Try this simple test. Type "erotic" as a search term into Google. You will get over 56 million results. Some of the taking the meaning of the word "erotic" to the wilder shores of love.
So although GAPP has closed about 30,000 web links to the banned works and 20 online literature websites we are talking here of the labors of Hercules, although GAPP has organized 50 experts. It took them about nine months — appropriate gestation period — to decided what were bannable sites. At that rate of progress we are looking at several hundred years of work lying ahead of them.
GAPP said the banned works either "included pornographic content", "used provocative or privacy-violating titles to draw attention", or "blatantly talked about one-night stands, wife swapping, sex abuses, and violence that disregarded common decency". Which gives it a fairly wide scope.

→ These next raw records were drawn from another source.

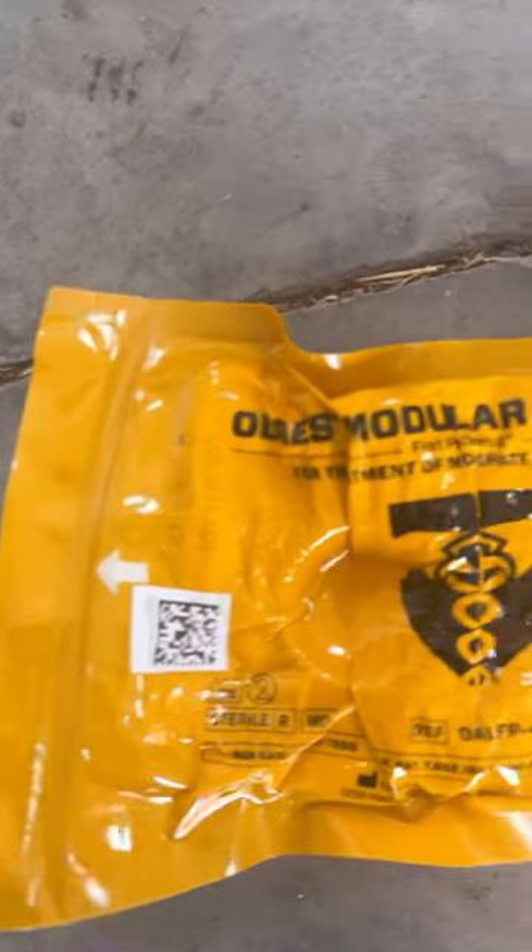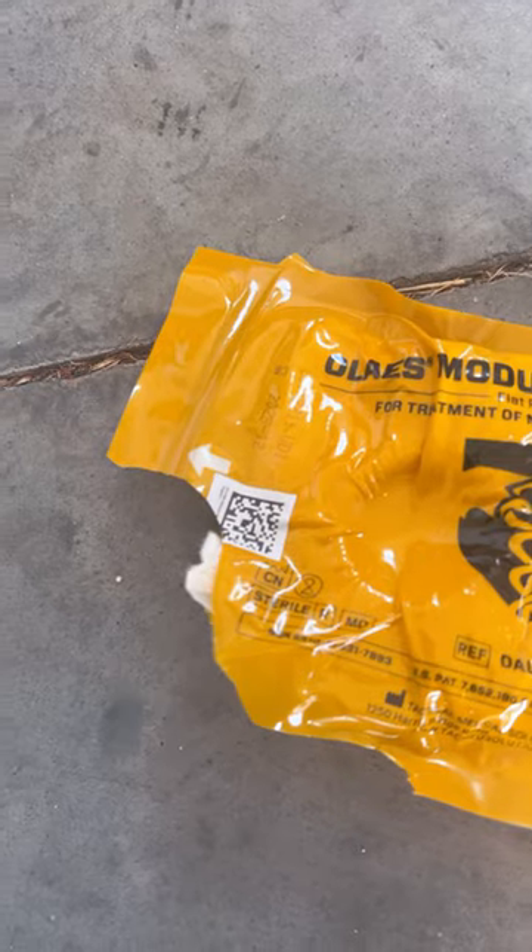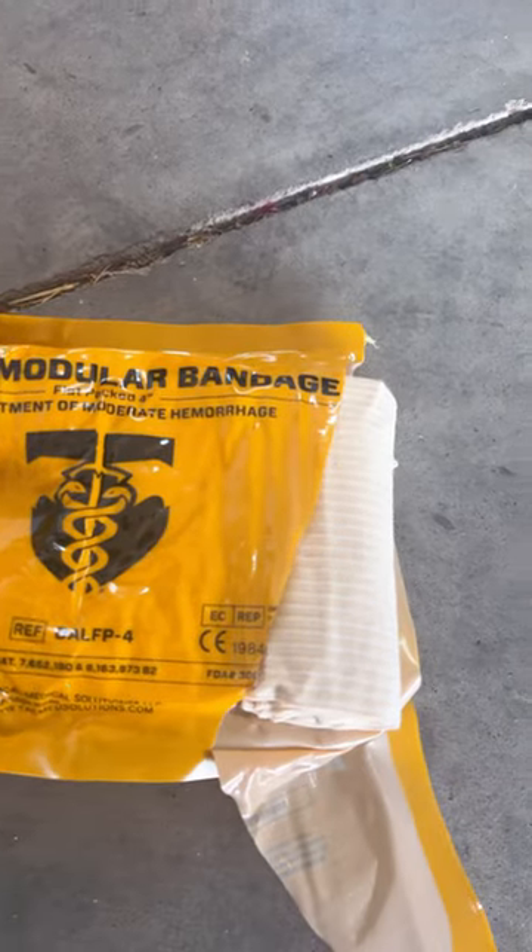We have a few different tear points to open the package up — opens from there, opens from there.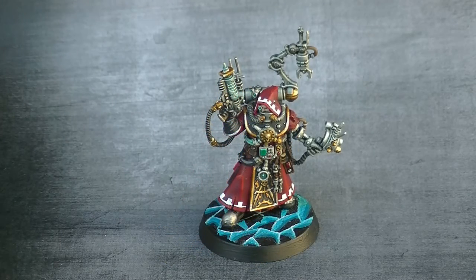Hello, this is Victor presenting here a new showcase. This time it is a Tech Priest from Escalation from Blackstone Fortress.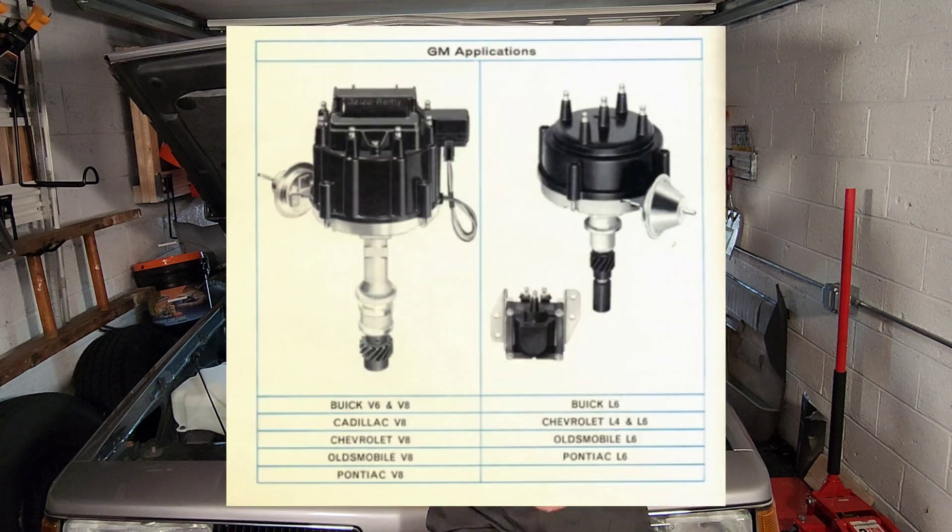So much so that the other car manufacturers actually started to copy their design after a few years — that shows you how good it is. We're going to take a look at the system. I'm going to show you the main components, and then at the end of the video I'm going to show you a couple of things you need to check if you have a system that hasn't been touched in a while, or you want to make sure it's running properly.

The administration will also establish laws and regulations on the publishing of literature online. In fact, there is an argument that if it is literature, it should not be censored. The question is who defines what is literature?
The move is the latest in a string of drives to crack down on pornographic and lewd content on the internet.
China View reports that in June, the China Internet Illegal Information Reporting Center (CIIRC) "strongly condemned" Google’s Chinese portal for providing what the agency said were links to pornography and lewd information that violated national regulations.
The search engine giant swiftly pledged that it would take all necessary steps to clean up pornographic search results in its Chinese-language portal, Google.cn. It has an uphill task ahead of it.